É mais uma história de espionagem, nazista agora. Bergman é Alicia, filha dum traidor americano condenado à prisão perpétua. Às voltas com a vida de boemias, bebidas, namorados, fruto da revolta generalizada causada pela figura paterna, a moça se vê diante de um desafio proposto por Devlin (Grant), agente da polícia: espionar um clã de nazistas que estão infiltrados no Rio de Janeiro (!) para saber quais são os planos mirabolantes, diabólicos do pessoal, cujos líderes são Sebastian (Rains) e a mãe (interpretada de forma estupenda por Leopoldine Konstantin).
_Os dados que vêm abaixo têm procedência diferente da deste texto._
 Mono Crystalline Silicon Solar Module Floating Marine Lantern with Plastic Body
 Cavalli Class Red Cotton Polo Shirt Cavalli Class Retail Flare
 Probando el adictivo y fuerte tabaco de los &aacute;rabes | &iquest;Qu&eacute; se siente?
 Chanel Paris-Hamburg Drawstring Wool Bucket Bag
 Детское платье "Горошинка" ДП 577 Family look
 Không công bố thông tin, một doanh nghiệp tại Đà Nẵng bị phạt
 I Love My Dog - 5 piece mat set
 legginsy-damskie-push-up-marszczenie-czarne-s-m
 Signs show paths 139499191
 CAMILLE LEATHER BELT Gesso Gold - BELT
Mas neste ínterim Devlin e Alicia se apaixonam. Mas e agora? A tarefa não será cumprida? Precisamente em 'Interlúdio' há uma passagem que contei aqui anos atrás, e vale a repetição: I. Bergman estava com dificuldades sobre o seu personagem.
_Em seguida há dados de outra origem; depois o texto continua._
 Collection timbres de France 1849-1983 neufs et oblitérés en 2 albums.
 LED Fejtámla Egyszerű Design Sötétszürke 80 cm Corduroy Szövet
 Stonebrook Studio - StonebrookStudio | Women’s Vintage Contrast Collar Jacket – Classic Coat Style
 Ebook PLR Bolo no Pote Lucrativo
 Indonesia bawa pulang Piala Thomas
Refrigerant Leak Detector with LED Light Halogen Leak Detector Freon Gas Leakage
Não sabia a colocação certa das frases, o ar de garota (tinha 30 anos) simultaneamente ao da insegura falsa espiã. Enfim. Foi perguntar a Hitchcock o que devia fazer. 'Ingrid, por favor não pense. Apenas finja', disse o diretor.
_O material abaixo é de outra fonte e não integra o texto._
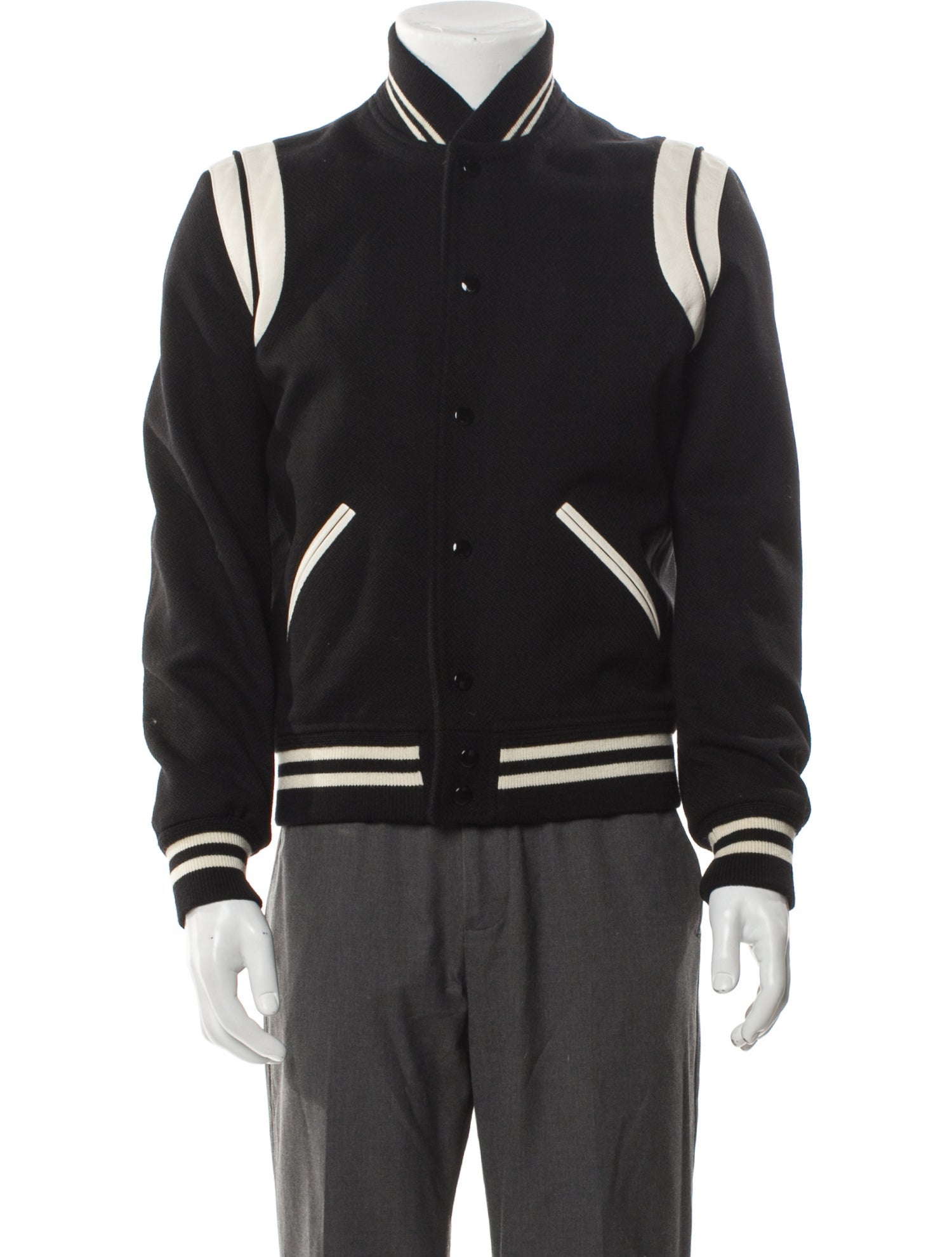 Saint Laurent 2022 Teddy Varsity Jacket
Em determinadas sequências percebe-se certo incômodo na atriz de 'Casablanca' (1943). Não nas da festa, onde Devlin invade a adega de Sebastian à procura de algo suspeito... É impressionante o modo como o cineasta sabia conduzir o público ao sistema catalisador da dúvida somada ao romance.
O casal Bergman-Grant surpreendeu a crítica da época por acabar com os 3 segundos de beijo. Foram bem além desse tempo. 'Hitch' disse ter se inspirado ao ver uma menina segurar o braço do namorado enquanto ele urinava. 'O romance não deve ser interrompido', disse. 'Interlúdio': um grande trabalho. Duração: 101 minutos. Cotação: ótimo.